Data -
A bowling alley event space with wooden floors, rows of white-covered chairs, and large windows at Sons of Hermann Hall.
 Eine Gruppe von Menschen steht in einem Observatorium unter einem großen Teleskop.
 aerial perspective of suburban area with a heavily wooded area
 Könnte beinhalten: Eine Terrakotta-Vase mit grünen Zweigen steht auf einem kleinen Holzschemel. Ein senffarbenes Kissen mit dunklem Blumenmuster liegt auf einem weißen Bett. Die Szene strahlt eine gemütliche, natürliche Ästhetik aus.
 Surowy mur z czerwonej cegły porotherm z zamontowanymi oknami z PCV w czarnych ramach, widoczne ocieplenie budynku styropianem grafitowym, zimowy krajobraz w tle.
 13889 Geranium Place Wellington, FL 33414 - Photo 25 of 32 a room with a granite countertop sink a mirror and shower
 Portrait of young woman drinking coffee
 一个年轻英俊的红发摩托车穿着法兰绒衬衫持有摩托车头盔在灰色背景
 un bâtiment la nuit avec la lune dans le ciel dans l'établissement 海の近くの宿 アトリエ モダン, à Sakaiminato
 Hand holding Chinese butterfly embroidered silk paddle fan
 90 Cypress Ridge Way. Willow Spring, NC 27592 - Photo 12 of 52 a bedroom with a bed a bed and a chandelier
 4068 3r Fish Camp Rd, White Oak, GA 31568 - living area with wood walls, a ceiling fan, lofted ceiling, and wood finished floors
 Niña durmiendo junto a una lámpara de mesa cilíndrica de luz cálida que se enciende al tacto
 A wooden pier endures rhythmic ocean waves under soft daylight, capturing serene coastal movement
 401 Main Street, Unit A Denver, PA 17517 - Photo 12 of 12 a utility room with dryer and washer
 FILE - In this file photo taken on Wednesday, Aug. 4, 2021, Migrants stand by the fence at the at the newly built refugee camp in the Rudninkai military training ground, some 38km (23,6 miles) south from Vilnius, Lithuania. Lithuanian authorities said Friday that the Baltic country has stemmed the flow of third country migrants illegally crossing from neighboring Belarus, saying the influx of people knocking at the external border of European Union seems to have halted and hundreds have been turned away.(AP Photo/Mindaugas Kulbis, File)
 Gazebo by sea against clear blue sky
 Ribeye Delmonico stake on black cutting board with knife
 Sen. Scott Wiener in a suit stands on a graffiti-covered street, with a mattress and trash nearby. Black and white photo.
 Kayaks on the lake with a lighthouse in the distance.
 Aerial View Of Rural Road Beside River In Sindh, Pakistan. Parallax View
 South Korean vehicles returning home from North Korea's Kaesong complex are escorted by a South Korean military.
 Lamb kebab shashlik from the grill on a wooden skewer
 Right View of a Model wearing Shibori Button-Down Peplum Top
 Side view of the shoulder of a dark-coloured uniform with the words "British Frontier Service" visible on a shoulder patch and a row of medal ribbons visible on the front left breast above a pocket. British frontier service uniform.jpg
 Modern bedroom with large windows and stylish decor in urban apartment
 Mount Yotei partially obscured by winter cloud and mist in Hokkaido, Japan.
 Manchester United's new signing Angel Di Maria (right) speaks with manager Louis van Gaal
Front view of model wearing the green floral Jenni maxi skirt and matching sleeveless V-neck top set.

Problem to solve - From the line containing "Aerial View Of" through the end of the material, print each line exactly as it appears.

Expected answer -
 Aerial View Of Rural Road Beside River In Sindh, Pakistan. Parallax View
 South Korean vehicles returning home from North Korea's Kaesong complex are escorted by a South Korean military.
 Lamb kebab shashlik from the grill on a wooden skewer
 Right View of a Model wearing Shibori Button-Down Peplum Top
 Side view of the shoulder of a dark-coloured uniform with the words "British Frontier Service" visible on a shoulder patch and a row of medal ribbons visible on the front left breast above a pocket. British frontier service uniform.jpg
 Modern bedroom with large windows and stylish decor in urban apartment
 Mount Yotei partially obscured by winter cloud and mist in Hokkaido, Japan.
 Manchester United's new signing Angel Di Maria (right) speaks with manager Louis van Gaal
Front view of model wearing the green floral Jenni maxi skirt and matching sleeveless V-neck top set.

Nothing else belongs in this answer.